(Writen on 10.12.2014)
Ten years ago, on December 10th, 2004, Technion became home to Israel’s 1st Nobel Prizes in the natural sciences. Since then the Technion Nobel legacy has continued, with the 2011 Nobel Prize in Chemistry awarded to Distinguished Prof. Dan Shechtman, and the 2013 Prize in Chemistry awarded to Technion graduate Prof. Arieh Warshel.
Ubiquitin: so called, because it is a protein present in all living cells. No-one knew why it was there, and no-one dared to wonder: it was just boring – “ubiquitous”.
But no living secrets are untouched by Technion scientists.

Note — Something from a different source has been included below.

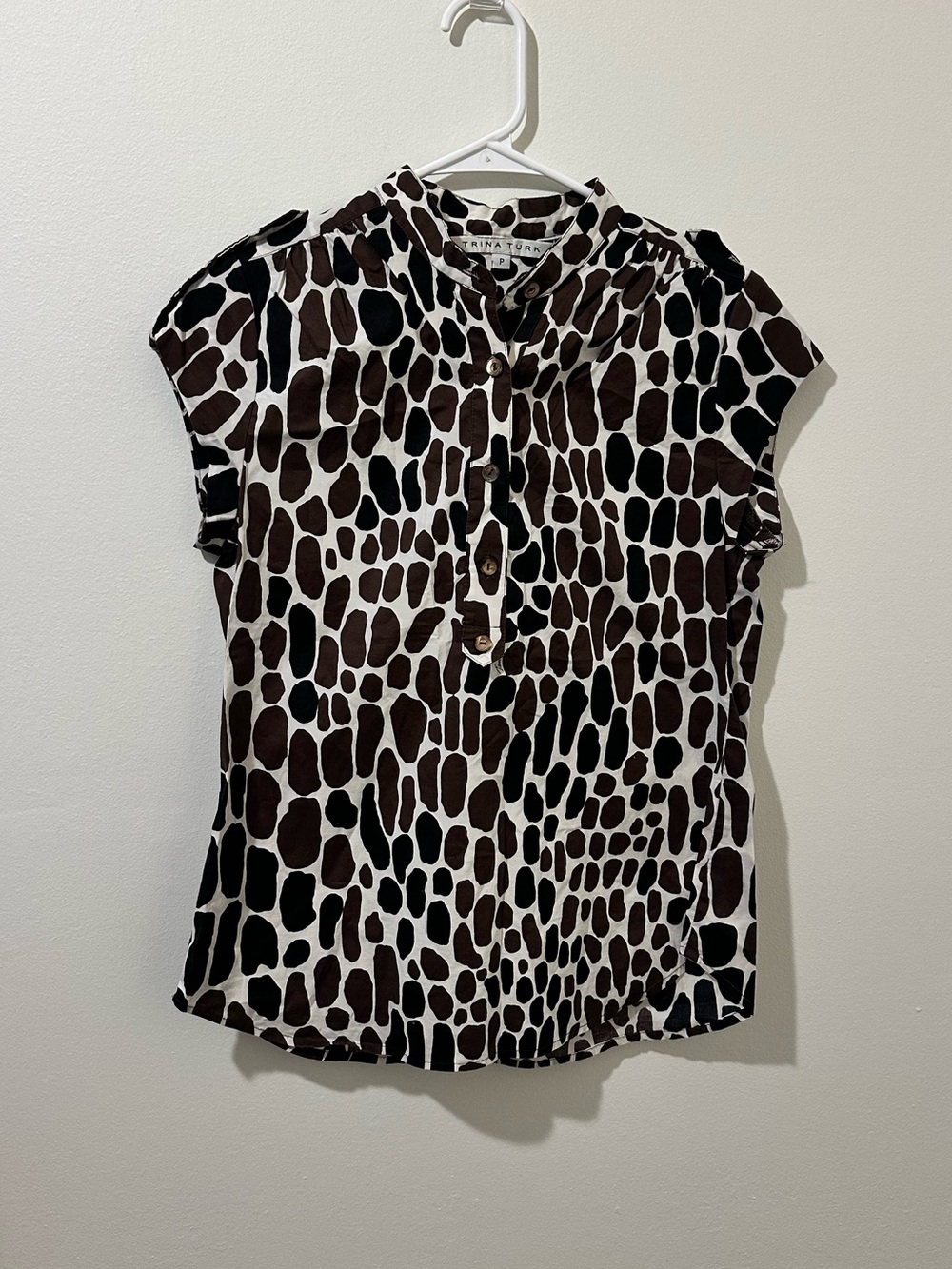Trina Turk Brown and White Animal Print Cap Sleeve Blouse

Throughout the ‘70s and ‘80s, Distinguished Professors Avram Hershko and Aaron Ciechanover unveiled the mysteries of the ubiquitin system, revealing some masterkeys of human health. The ubiquitous protein ubiquitin, they showed, is the key factor in deciding when and how a cell should regenerate. Imbalance in ubiquitin reveals itself in some of the world’s most incurable afflictions – such as cancer and neuro-degenerative disorders.
By 2004, the Technion research was already revolutionizing medical understanding and opening the way to innovative cures and treatments. No wonder that, in that year, the two Technion Professors became Israel’s first Nobel Laureates in science.